# admin-compliance

Next.js 15 dashboard for BreakPilot Compliance — SDK module UI, company profile, DSR, DSFA, VVT, TOM, consent, AI Act, training, audit, change requests, etc. Also hosts 96+ API routes that proxy/orchestrate backend services.

**Port:** `3007` (container: `bp-compliance-admin`)
**Stack:** Next.js 15 App Router, React 18, TailwindCSS, TypeScript strict.

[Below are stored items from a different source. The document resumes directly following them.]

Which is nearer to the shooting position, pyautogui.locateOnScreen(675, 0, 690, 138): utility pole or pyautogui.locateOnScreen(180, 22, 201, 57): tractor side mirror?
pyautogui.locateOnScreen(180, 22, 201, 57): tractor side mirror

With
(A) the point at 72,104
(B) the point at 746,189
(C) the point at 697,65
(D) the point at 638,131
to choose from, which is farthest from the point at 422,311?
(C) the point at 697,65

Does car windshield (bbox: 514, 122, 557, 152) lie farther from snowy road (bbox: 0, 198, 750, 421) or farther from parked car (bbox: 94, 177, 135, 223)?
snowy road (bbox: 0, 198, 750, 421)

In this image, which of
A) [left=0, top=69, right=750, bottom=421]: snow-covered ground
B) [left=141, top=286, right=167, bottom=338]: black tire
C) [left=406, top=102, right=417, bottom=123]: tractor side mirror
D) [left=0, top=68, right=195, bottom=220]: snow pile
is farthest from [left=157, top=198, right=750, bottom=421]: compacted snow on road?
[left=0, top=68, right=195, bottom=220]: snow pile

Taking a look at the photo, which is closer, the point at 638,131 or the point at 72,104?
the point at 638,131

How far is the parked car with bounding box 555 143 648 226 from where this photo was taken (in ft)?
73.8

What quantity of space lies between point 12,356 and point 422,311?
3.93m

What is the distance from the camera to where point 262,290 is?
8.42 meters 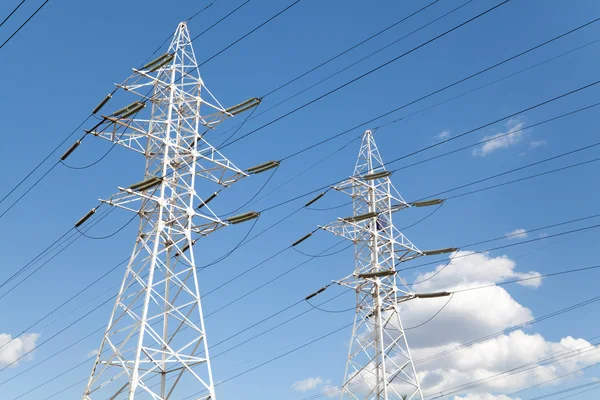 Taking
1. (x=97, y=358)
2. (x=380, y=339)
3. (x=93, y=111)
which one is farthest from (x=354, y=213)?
(x=97, y=358)

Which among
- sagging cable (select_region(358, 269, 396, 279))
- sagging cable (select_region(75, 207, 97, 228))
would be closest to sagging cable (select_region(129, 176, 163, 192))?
sagging cable (select_region(75, 207, 97, 228))

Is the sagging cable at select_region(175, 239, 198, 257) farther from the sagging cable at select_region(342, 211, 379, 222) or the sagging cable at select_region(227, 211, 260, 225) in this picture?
the sagging cable at select_region(342, 211, 379, 222)

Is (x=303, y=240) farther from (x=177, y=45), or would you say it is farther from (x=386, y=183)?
(x=177, y=45)

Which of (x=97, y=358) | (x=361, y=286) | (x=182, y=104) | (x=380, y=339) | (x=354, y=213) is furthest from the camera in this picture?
(x=354, y=213)

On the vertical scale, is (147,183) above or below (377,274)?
above

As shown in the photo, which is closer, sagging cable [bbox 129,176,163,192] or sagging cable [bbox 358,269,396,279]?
sagging cable [bbox 129,176,163,192]

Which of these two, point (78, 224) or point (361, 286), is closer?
point (78, 224)

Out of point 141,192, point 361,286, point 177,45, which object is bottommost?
point 361,286

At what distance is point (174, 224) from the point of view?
24.5 metres

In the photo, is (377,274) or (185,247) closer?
(185,247)

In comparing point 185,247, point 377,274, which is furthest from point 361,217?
point 185,247

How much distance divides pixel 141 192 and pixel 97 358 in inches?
259

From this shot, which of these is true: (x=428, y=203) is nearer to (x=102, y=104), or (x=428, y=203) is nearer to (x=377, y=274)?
(x=377, y=274)

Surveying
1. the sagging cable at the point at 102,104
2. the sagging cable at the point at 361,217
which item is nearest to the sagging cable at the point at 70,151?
the sagging cable at the point at 102,104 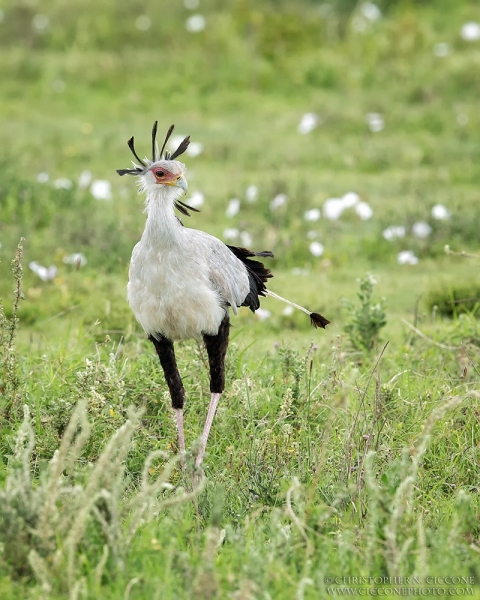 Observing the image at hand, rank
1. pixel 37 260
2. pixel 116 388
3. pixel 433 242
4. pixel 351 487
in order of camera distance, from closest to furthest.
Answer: pixel 351 487, pixel 116 388, pixel 37 260, pixel 433 242

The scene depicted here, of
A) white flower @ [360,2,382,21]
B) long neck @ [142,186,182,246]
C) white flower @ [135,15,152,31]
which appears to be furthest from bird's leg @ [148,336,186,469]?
white flower @ [360,2,382,21]

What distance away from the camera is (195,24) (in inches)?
607

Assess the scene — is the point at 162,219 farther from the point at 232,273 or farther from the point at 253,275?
the point at 253,275

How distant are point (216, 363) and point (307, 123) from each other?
23.1ft

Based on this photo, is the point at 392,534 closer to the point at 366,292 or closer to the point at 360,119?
the point at 366,292

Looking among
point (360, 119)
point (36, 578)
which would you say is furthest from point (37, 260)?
point (360, 119)

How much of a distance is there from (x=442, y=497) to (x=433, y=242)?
4198 millimetres

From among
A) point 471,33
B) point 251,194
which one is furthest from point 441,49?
point 251,194

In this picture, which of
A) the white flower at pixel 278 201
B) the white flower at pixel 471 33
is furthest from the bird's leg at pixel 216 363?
the white flower at pixel 471 33

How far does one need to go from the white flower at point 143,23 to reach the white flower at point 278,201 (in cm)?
754

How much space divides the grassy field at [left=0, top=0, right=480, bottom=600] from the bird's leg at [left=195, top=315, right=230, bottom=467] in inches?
6.1

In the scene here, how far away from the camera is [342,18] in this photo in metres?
16.4

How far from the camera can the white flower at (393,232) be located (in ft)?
26.3

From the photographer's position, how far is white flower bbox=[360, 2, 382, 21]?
53.5 ft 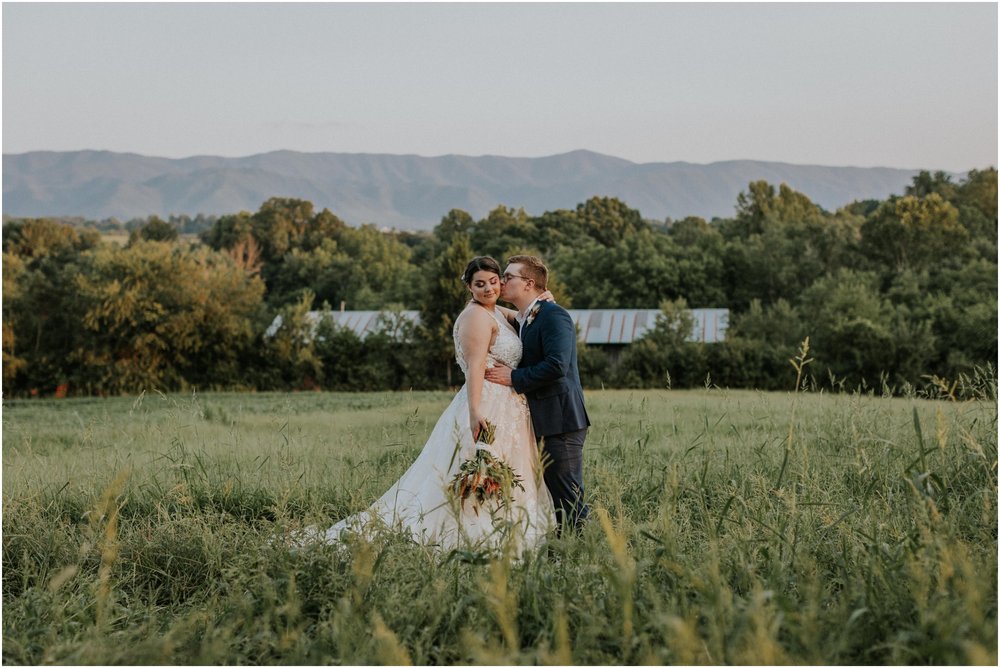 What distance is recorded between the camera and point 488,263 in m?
5.71

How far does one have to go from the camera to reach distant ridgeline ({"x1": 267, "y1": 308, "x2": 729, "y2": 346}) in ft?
118

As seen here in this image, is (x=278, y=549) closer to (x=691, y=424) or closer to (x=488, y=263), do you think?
(x=488, y=263)

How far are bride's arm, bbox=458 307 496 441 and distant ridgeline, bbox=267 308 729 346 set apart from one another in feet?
94.4

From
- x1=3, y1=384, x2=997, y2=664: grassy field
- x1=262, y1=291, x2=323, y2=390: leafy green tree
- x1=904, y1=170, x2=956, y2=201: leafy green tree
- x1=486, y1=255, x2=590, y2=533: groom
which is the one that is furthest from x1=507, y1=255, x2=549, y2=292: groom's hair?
x1=904, y1=170, x2=956, y2=201: leafy green tree

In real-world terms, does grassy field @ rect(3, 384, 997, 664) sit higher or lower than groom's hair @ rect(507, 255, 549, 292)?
lower

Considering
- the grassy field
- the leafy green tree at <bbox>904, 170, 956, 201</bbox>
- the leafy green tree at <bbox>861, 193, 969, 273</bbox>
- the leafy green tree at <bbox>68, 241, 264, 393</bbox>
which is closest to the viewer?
the grassy field

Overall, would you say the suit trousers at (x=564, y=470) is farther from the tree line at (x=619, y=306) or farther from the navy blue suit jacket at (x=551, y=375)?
the tree line at (x=619, y=306)

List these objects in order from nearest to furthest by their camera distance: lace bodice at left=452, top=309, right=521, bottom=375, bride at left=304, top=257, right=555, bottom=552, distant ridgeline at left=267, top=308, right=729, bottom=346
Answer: bride at left=304, top=257, right=555, bottom=552 < lace bodice at left=452, top=309, right=521, bottom=375 < distant ridgeline at left=267, top=308, right=729, bottom=346

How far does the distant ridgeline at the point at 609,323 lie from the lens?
36.1 metres

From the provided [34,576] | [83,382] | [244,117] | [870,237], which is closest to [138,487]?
[34,576]

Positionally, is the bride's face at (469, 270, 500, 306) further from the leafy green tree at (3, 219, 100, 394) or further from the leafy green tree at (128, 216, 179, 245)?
the leafy green tree at (128, 216, 179, 245)

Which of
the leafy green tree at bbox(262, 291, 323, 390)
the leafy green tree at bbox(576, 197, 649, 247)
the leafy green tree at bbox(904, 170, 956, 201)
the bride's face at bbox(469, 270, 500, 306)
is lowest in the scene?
the leafy green tree at bbox(262, 291, 323, 390)

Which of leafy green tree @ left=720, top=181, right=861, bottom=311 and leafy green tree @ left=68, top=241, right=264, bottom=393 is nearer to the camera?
leafy green tree @ left=68, top=241, right=264, bottom=393

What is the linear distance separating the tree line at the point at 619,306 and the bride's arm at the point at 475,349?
527 inches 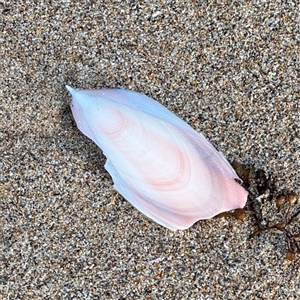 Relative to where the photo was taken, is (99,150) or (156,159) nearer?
(156,159)

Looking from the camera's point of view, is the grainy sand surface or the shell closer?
the shell

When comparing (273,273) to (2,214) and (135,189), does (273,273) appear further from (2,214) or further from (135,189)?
(2,214)

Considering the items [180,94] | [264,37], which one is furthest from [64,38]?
[264,37]

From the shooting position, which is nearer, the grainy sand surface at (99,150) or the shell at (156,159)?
the shell at (156,159) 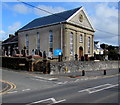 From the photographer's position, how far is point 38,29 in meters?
36.7

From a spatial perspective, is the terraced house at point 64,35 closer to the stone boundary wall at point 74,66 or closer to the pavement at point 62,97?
the stone boundary wall at point 74,66

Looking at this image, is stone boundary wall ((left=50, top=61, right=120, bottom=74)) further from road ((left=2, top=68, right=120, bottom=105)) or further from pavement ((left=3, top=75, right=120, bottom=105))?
pavement ((left=3, top=75, right=120, bottom=105))

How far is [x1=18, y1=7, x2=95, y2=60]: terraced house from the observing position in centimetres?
3185

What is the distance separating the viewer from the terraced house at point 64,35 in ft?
105

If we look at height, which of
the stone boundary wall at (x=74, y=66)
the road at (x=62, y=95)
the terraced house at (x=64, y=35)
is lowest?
the road at (x=62, y=95)

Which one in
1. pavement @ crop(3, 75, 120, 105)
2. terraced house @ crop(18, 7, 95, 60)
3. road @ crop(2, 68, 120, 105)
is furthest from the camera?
terraced house @ crop(18, 7, 95, 60)

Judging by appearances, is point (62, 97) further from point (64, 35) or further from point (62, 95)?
point (64, 35)

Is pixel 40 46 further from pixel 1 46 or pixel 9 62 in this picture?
pixel 1 46

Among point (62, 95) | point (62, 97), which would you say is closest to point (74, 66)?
point (62, 95)

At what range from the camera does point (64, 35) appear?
31453 millimetres

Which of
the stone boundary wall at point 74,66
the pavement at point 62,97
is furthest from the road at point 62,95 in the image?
the stone boundary wall at point 74,66

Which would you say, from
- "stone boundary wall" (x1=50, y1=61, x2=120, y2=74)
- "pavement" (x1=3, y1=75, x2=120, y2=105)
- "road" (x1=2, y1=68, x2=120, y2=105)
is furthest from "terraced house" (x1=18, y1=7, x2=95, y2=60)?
"pavement" (x1=3, y1=75, x2=120, y2=105)

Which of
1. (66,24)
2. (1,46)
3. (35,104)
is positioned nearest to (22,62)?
(66,24)

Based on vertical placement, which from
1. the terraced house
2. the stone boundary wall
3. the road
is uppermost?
the terraced house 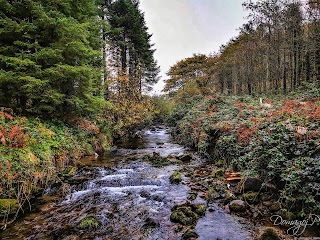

## Architecture (target — Phase 3)

```
app/
├── <route>/
│   ├── page.tsx              # Server Component (≤200 LOC)
│   ├── _components/          # Colocated UI, each ≤300 LOC
│   ├── _hooks/               # Client hooks
│   └── _server/              # Server actions
├── api/<domain>/route.ts     # Thin handlers → lib/server/<domain>/
lib/
├── <domain>/                 # Pure helpers, zod schemas
└── server/<domain>/          # "server-only" logic
components/                   # App-wide shared UI
```

See `../AGENTS.typescript.md`.

## Run locally

```bash
cd admin-compliance
npm install
npm run dev          # http://localhost:3007
```

## Tests

```bash
npm test                      # Vitest unit + component tests
npx playwright test           # E2E
npx tsc --noEmit              # Type-check
npx next lint
```

## Known debt (Phase 3 targets)

- `app/sdk/company-profile/page.tsx` (3017 LOC), `tom-generator/controls/loader.ts` (2521), `lib/sdk/types.ts` (2511), `app/sdk/loeschfristen/page.tsx` (2322), `app/sdk/dsb-portal/page.tsx` (2068) — all must be split.
- 0 test files for 182 monolithic pages. Phase 3 adds Playwright smoke + Vitest unit coverage.

## Don't touch

- Backend API paths without updating `backend-compliance/` in the same change.
- `lib/sdk/types.ts` in large contiguous chunks — it's being domain-split.